We are bringing a number of improvements to the current PyTorch libraries, alongside the PyTorch 1.12 release. These updates demonstrate our focus on developing common and extensible APIs across all domains to make it easier for our community to build ecosystem projects on PyTorch.
Summary:
- TorchVision - Added multi-weight support API, new architectures, model variants, and pretrained weight. See the release notes here.
- TorchAudio - Introduced beta features including a streaming API, a CTC beam search decoder, and new beamforming modules and methods. See the release notes here.
- TorchText - Extended support for scriptable BERT tokenizer and added datasets for GLUE benchmark. See the release notes here.
- TorchRec - Added EmbeddingModule benchmarks, examples for TwoTower Retrieval, inference and sequential embeddings, metrics, improved planner and demonstrated integration with production components. See the release notes here.

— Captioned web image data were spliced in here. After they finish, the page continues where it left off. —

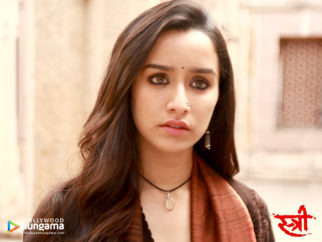 Wallpapers Of The Movie Stree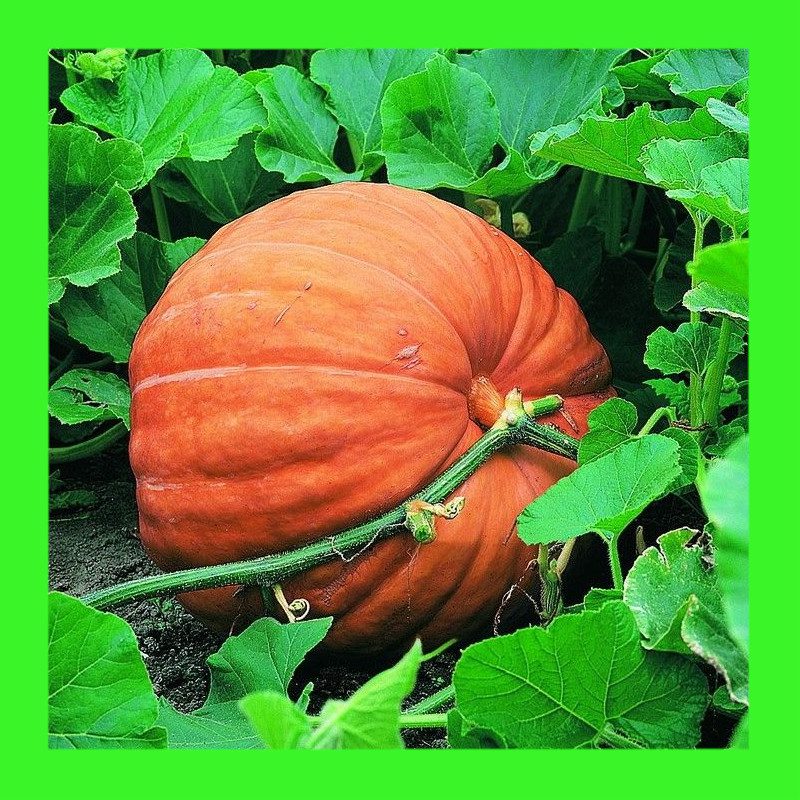 pumpkin-big-max-heritage-organic-open-pollinated-seeds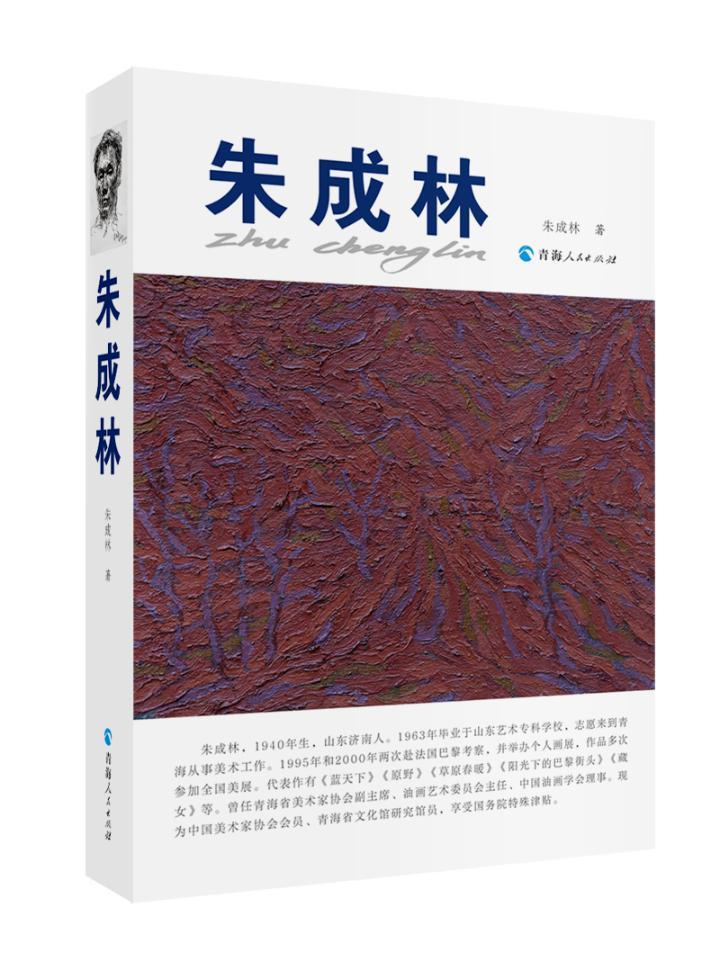 包邮：朱成林绘画油画作品集中国现代 图书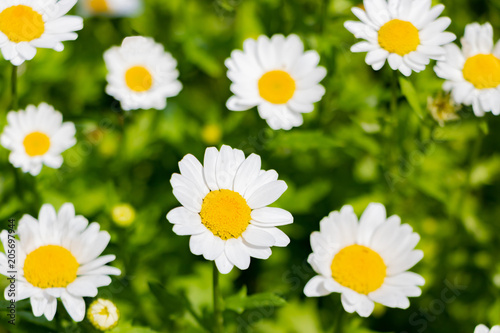 かわいいマーガレットの花 Stock 写真 Adobe Stock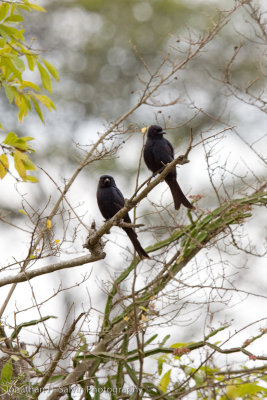 Uganda Birds-65.jpg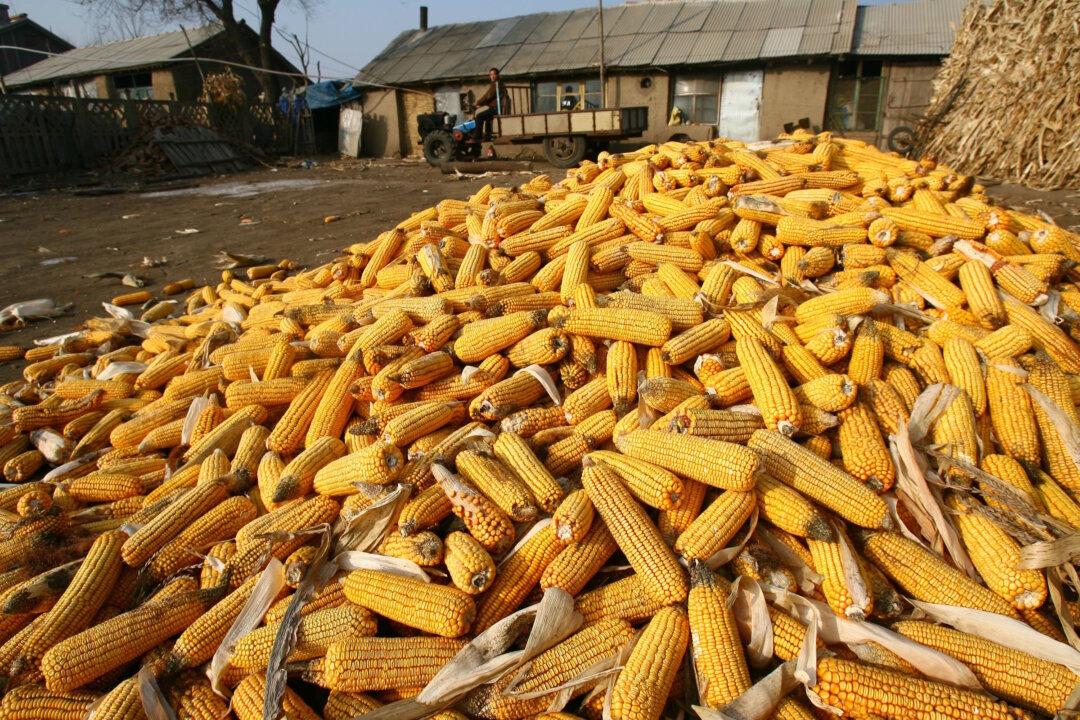 Chinese County Says It Can Only Meet Half of Grain Reserve Quota, Fueling Food Shortage Concerns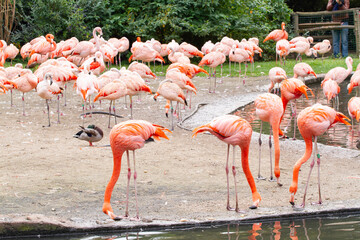 group of pink flamingos by the lake in nature in the park

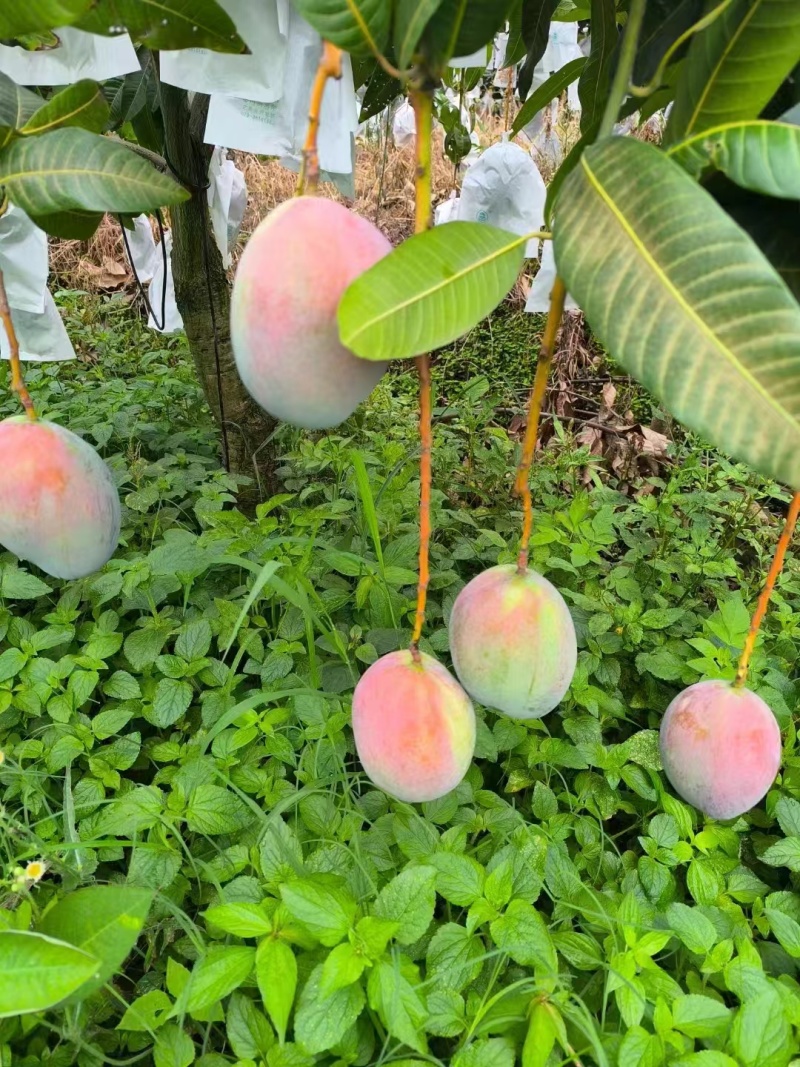 攀枝花凯特芒果大量上市需要的老板联系保质保量面向全国发货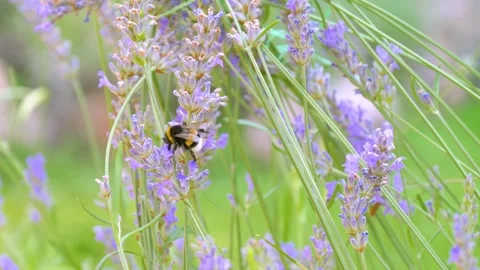 Bumblebee collecting nectar on lavender flower. Soft green background Stock-Footage 332162817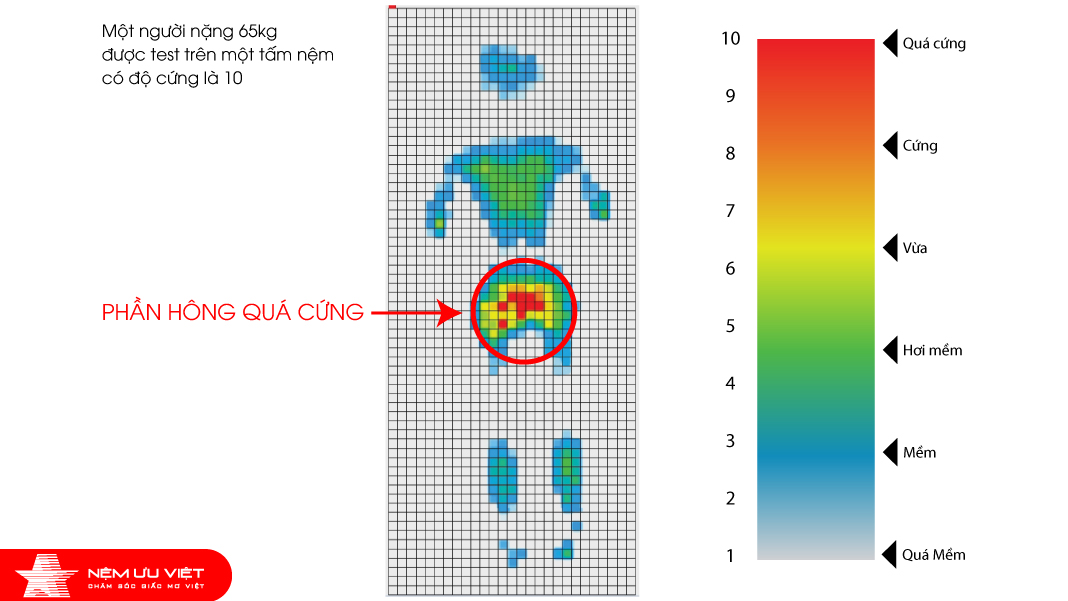 Nệm lò xo túi Isabelle 7 vùng Memory Foam – Pillow Top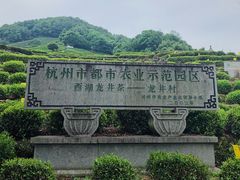 -龙井村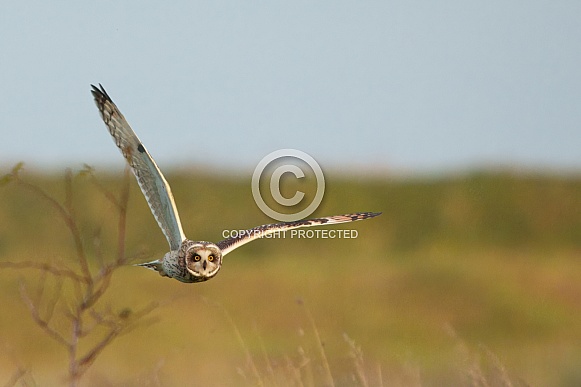 Short Eared Owl (Asio flammeus)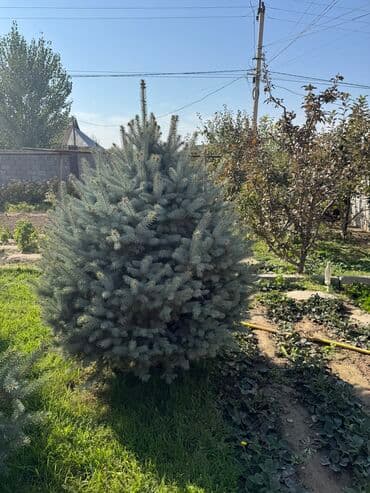 куплю рассаду клубники: Продаю!!!! Продаю голубые ели от 1.20см до 2.80см. Оптом дешевле) — 4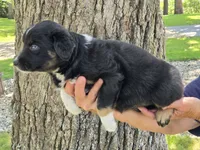 BTF-5, a female Australian Shepherd for sale in Blooming Prairie, MN – 3 of 3
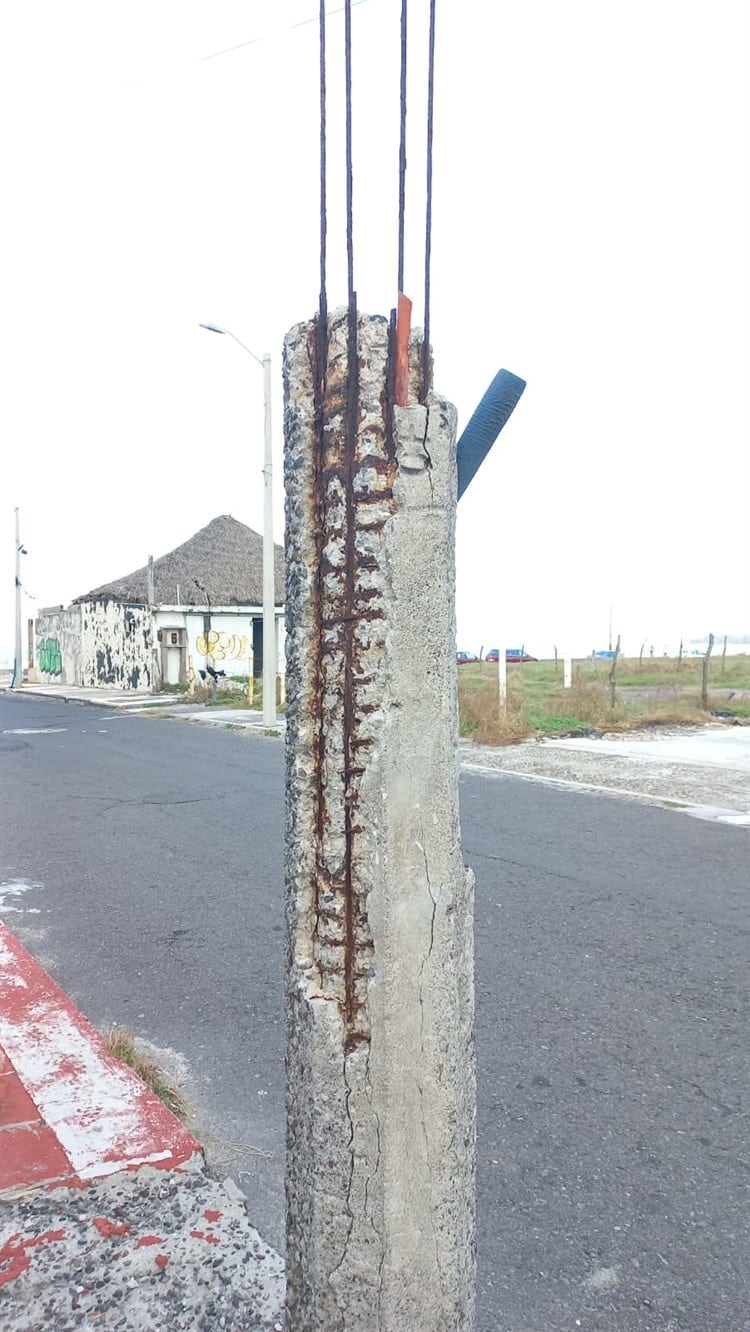 Temen por su seguridad por lote baldío abandonado en Boca del Río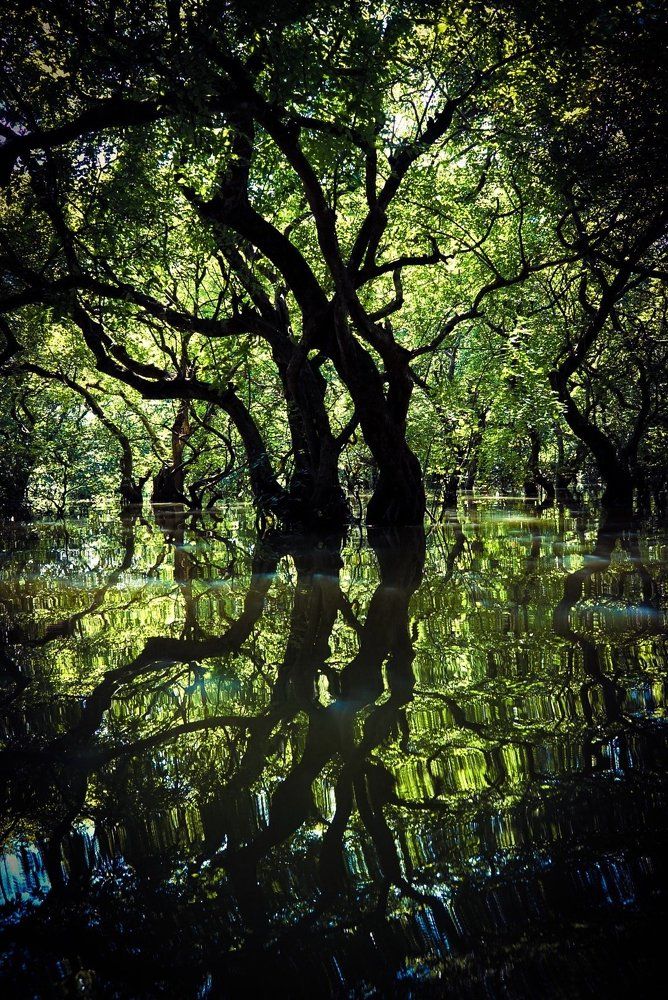 Reflection
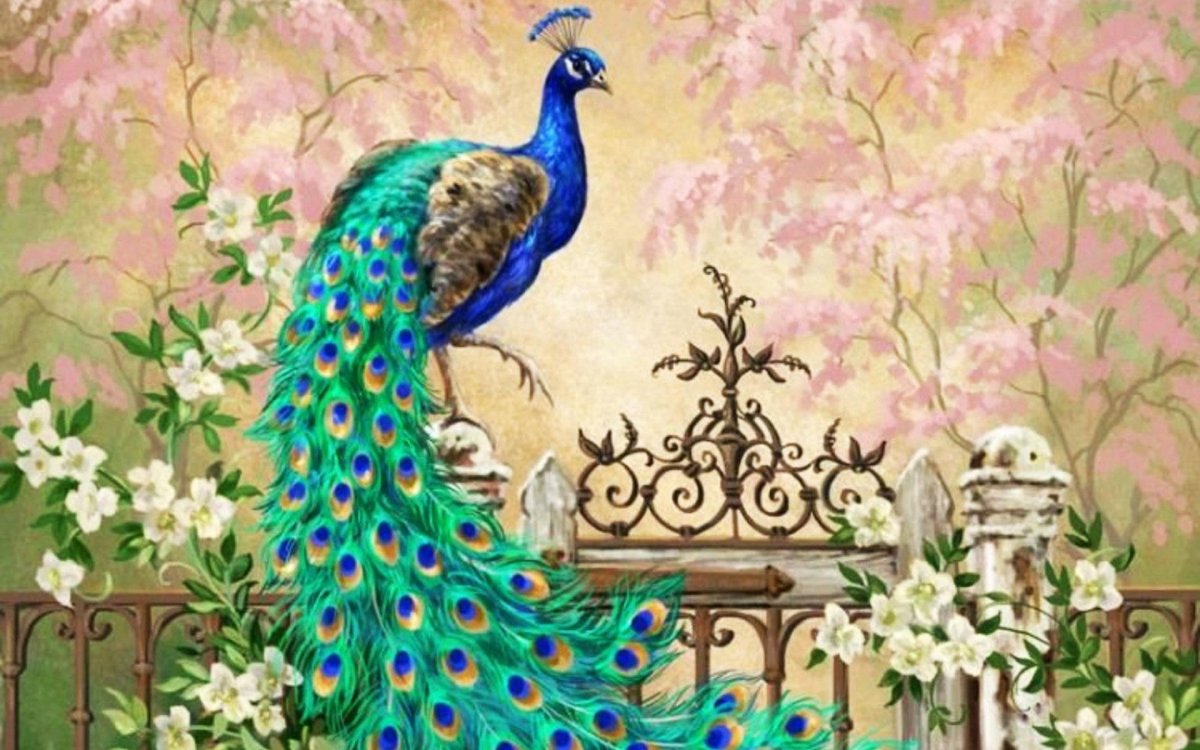 Luca-s_b460 два павлина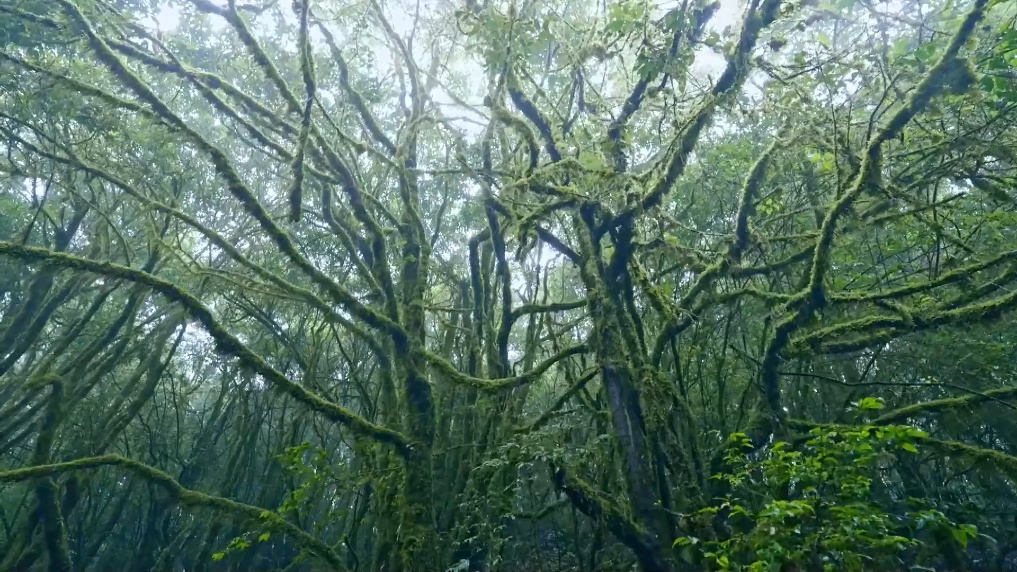 擅闯哀牢山保护区最高罚款5000元!当地发出提醒 擅闯哀牢山保护区最高罚款5000元!当地发出提醒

- TorchX - Launch PyTorch trainers developed on local workspaces onto five different types of schedulers. See the release notes here.
- FBGemm - Added and improved kernels for Recommendation Systems inference workloads, including table batched embedding bag, jagged tensor operations, and other special-case optimizations.
TorchVision v0.13
Multi-weight support API
TorchVision v0.13 offers a new Multi-weight support API for loading different weights to the existing model builder methods:
from torchvision.models import *
# Old weights with accuracy 76.130%
resnet50(weights=ResNet50_Weights.IMAGENET1K_V1)
# New weights with accuracy 80.858%
resnet50(weights=ResNet50_Weights.IMAGENET1K_V2)
# Best available weights (currently alias for IMAGENET1K_V2)
# Note that these weights may change across versions
resnet50(weights=ResNet50_Weights.DEFAULT)
# Strings are also supported
resnet50(weights="IMAGENET1K_V2")
# No weights - random initialization
resnet50(weights=None)
The new API bundles along with the weights important details such as the preprocessing transforms and meta-data such as labels. Here is how to make the most out of it:
from torchvision.io import read_image
from torchvision.models import resnet50, ResNet50_Weights
img = read_image("test/assets/encode_jpeg/grace_hopper_517x606.jpg")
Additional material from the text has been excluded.